153 Ind. 302 | Ind. | 1899

Hadley, J.

This is a proceeding for a writ of mandamus, under the provisions of §1 of the act concerning elections, approved March 6, 1889 (Acts 1889, p. 157), to compel the board of commissioners of Grant county to re-divide into voting precincts certain territory in Center township, and to exclude therefrom certain territory alleged to be without the jurisdiction of the State.

The petition sets forth that, by an act of the General Assembly approved February 11, 1889 (Acts 1889, p. 10), *304the State of Indiana ceded to the United States jurisdiction of a certain 304 acres of territory situate in Grant county, upon which was established, and is maintained by the United States, a branch of the National Home for Disabled Volunteer Soldiers, containing about 2,000 inmates; and that said commissioners, pretending to act under §1 of the elections act of 1889, had, together with other territory, included in each of six election precincts of Center township a part of said 304 acres and a part of the inmates resident thereon; that said 304 acres were within the exclusive jurisdiction of the United States; that the inmates of said home were not residents of the State of Indiana nor voters therein. Prayer, that the respondent be compelled “to divide into voting precincts, containing as nearly as practicable: 200 voters, and in no case containing more than 250 voters, all that part of said Center township which is within said six, so called, voting precincts, and to exclude from said voting precincts, so to be established, all of said 304 acre tract of land, which was so ceded by the State of Indiana to the United States as aforesaid, and which is occupied by said branch Home for Disabled Volunteer Soldiers.”

The petition was filed in the Grant Circuit Court May 30, 1898, and on the same day an alternative writ of mandate was issued -therefrom. On July 7, 1898, Congress passed and the President approved an act embracing the following provision: “The jurisdiction over the places purchased for the location of the branches of the National Home for Disabled Volunteer Soldiers, under and by authority of an act of Congress, approved July twenty-third, eighteen hundred and eighty-eight, in Grant county, State of Indiana, and upon which said branch home is located, and by authority of an act of Congress approved June fourth, eighteen hundred and ninety-seven, ‘at the town of Danville, in the county of Vermilion, state of Illinois’, and upon which said branch is now located, is hereby ceded to the respective states in which said branches are located and relinquished by the United States; *305and the United States shall claim or exercise no jurisdiction over said places after the passage of this act: Provided, That^ nothing herein contained shall be construed to impair the powers and rights heretofore conferred on the board of managers of the National Home for Disabled Volunteer Soldiers in and over said places.” (Acts of Congress, 1897-98, p. 668.)

The State accepted from the National Government the retrocession of the territory in controversy by an act of the General Assembly approved February 7, 1899, which is as follows: “An act to accept jurisdiction of certain lands and territory ceded by the Congress of the United States of America to the State of Indiana, and declaring an emergency.

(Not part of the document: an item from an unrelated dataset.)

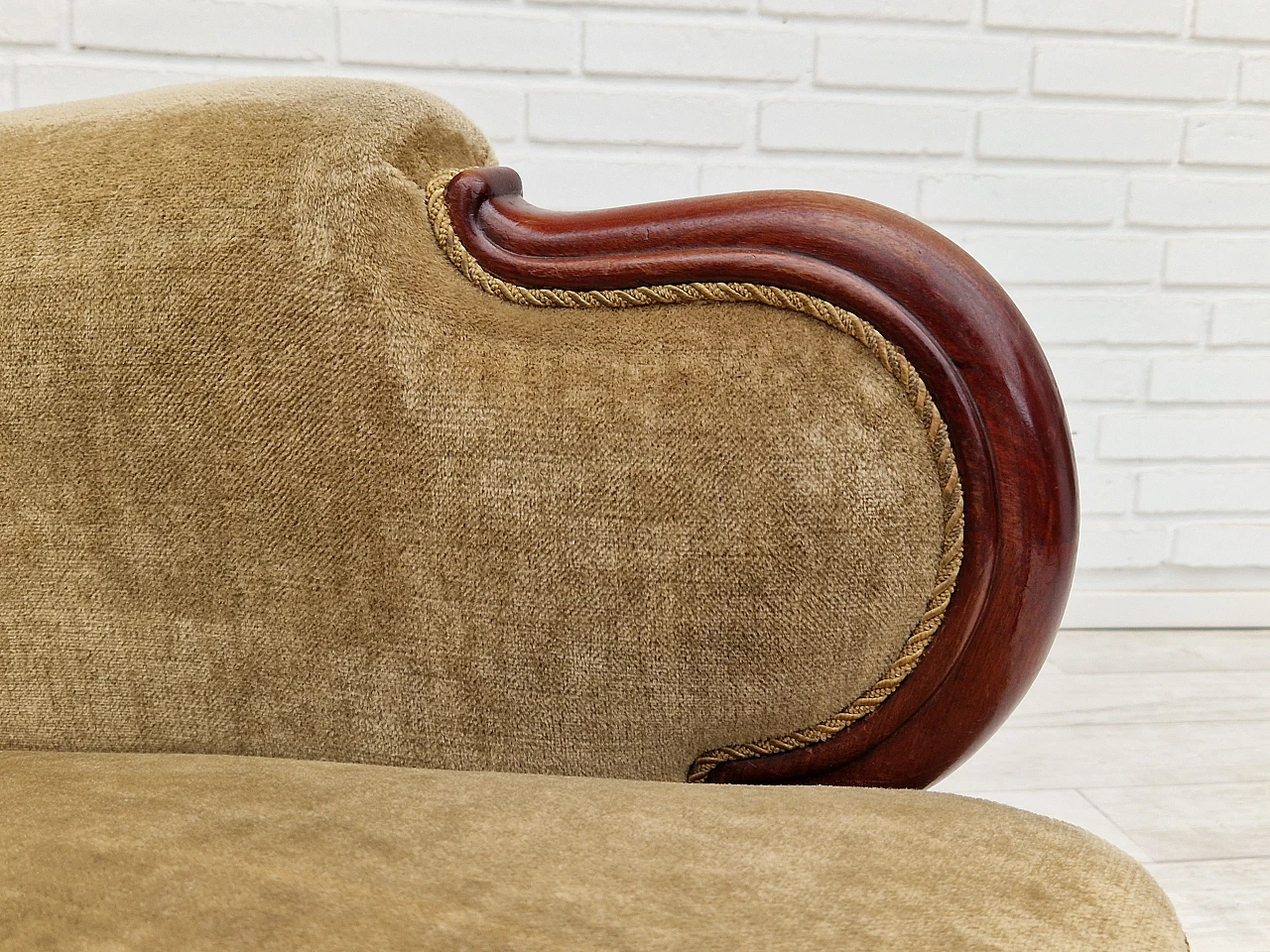 Danish teak and velvet armchair, 1950s 5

“Whereas, On the 7th of July, 1898, the Congress of the United States passed, and the President of the United States, on the same day signed and approved an act entitled ‘an act making appropriations to supply deficiencies in the appropriations for the fiscal year ending June 30, 1898, and for prior years, and for other purposes’, wherein and whereby it was enacted, among other things, by the Senate and House of Representatives of the United States of America in Congress assembled, that jurisdiction over the places purchased for the location of the branch of the National Home for Disabled Volunteer Soldiers, under and by authority of an act of Congress, approved July 23, 1888, in Grant county, in the State of Indiana, and upon which said branch home is located, is hereby ceded to the State of Indiana, and relinquished by the United States; therefore,

“Section 1. Be it enacted by the General Assembly of the State of Indiana, That the jurisdiction in and over certain lands and places in Grant county, in the State of Indiana, used for the purposes of a branch home of the National Home for Disabled Volunteer Soldiers, said jurisdiction having been heretofore, on the 7th day of July, 1898, ceded by the Congress of the United States of America, to said State of *306Indiana, be and the same is hereby received and accepted bj said State of Indiana.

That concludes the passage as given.